AUGUSTA, Ga. — The slumped shoulders, the frustrated sighs, the hands through the hair and the listless glances skyward returned Saturday behind Augusta’s 12th green as Rory McIlroy suddenly looked like he had seen a ghost he thought he’d left behind.
In a few hours the six-shot lead he had built over 36 holes — the largest at this tournament — dissipated into the Georgia heat. What had threatened to be a runaway at Augusta National became a wide-open spectacle.
“I didn’t quite have it today,” McIlroy said.
Augusta is unforgiving, and a six-shot edge was historic but never comfortable for a player and a course prone to sudden swings. McIlroy’s 2025 playoff win had seemed to exorcise demons, and many arrived this week ready to watch him parade a green jacket. For two rounds he showed a calm, confident version of himself, swaggering through the course and repeating his mantra: just keep swinging.
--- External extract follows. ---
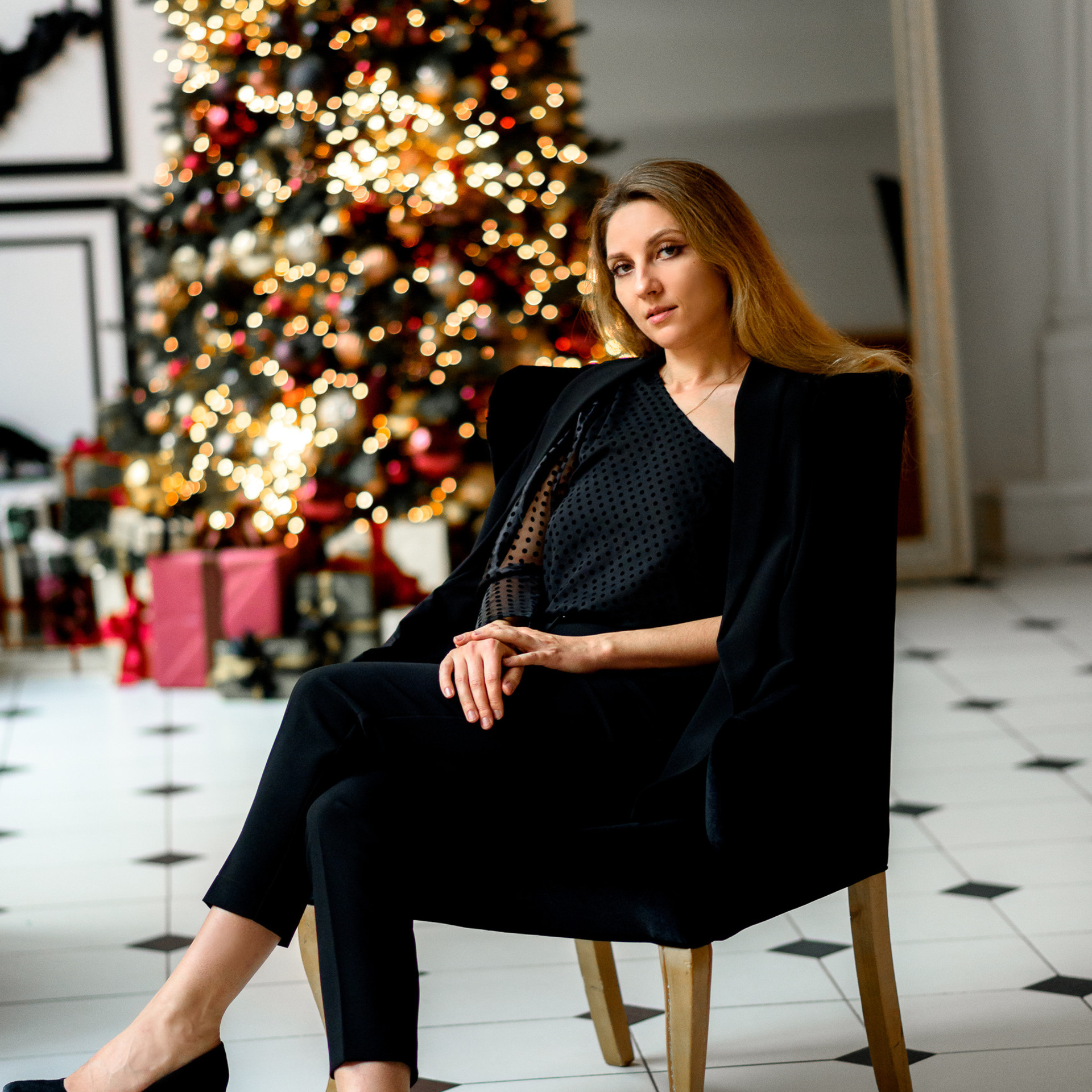 Олеся. Студийная фотосессия в Famous studios, зал Грэмми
Saturday, that swing failed him. He overdrew an approach on 11 and found the water, missed a short putt for bogey; at 12 an uncommitted sawed-off swing left him off the green; at 13 he again hit right into the trees and had to scramble for par. Earlier in his career, leads rarely rattled him. Here, at Augusta, the pattern persists.
“I kept committing to trying to make good swings,” McIlroy said. “But yeah, there was probably a little — when I made the double at 11, I probably got a little bit uneasy on 12 and 13.”
He birdied 14, went for 15 in two and set up another birdie, reclaimed the lead briefly, parred 16, then found the trees on 17 and left a par putt short. On a day when the scoring average was 70.63 — the second-lowest of any Masters round — McIlroy was the only player inside the top 12 to shoot over par. His game can produce dramatic highs and sudden lows, often contrasting with the rest of the field.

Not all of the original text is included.